_MATERIALS PROVIDED_.
▼

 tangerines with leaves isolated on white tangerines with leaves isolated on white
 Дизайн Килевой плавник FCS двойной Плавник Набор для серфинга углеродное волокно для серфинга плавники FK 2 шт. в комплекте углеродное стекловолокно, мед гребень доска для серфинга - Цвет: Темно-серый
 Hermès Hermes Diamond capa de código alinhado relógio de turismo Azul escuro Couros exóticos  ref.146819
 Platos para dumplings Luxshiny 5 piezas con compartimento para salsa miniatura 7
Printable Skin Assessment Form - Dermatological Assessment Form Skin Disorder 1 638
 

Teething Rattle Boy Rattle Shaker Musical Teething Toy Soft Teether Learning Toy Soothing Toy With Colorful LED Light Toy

▲
▼

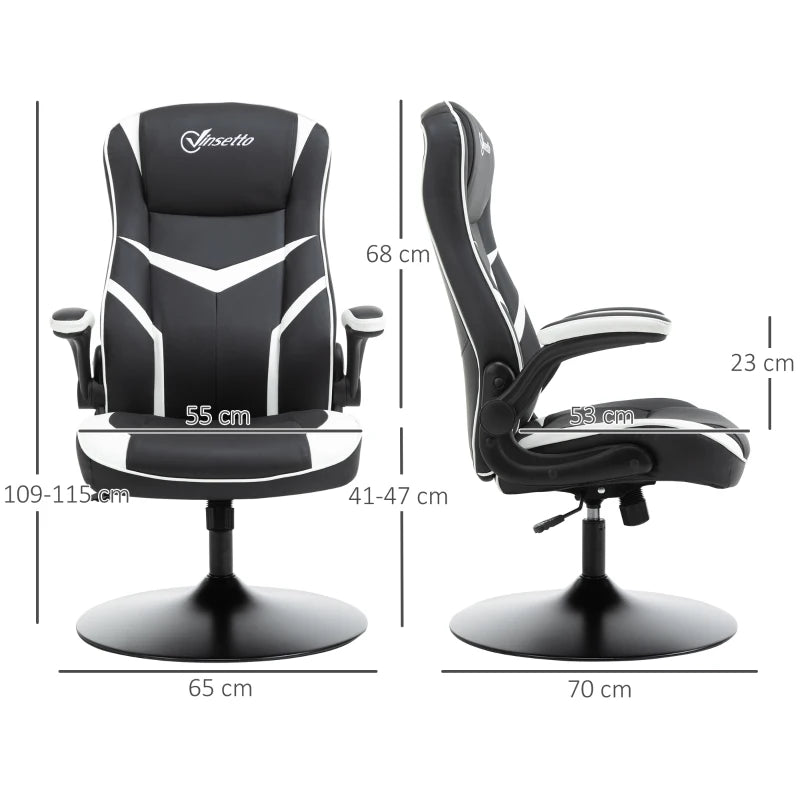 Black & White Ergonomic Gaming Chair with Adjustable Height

▲

_PROBLEM DESCRIPTION_. The expected answer is an exact copy of the lines above, beginning at the line with "Hermès Hermes Diamond" and ending at the line with "Teething Rattle Boy", with both ends in.

_ANSWER_.
 Hermès Hermes Diamond capa de código alinhado relógio de turismo Azul escuro Couros exóticos  ref.146819
 Platos para dumplings Luxshiny 5 piezas con compartimento para salsa miniatura 7
Printable Skin Assessment Form - Dermatological Assessment Form Skin Disorder 1 638
 

Teething Rattle Boy Rattle Shaker Musical Teething Toy Soft Teether Learning Toy Soothing Toy With Colorful LED Light Toy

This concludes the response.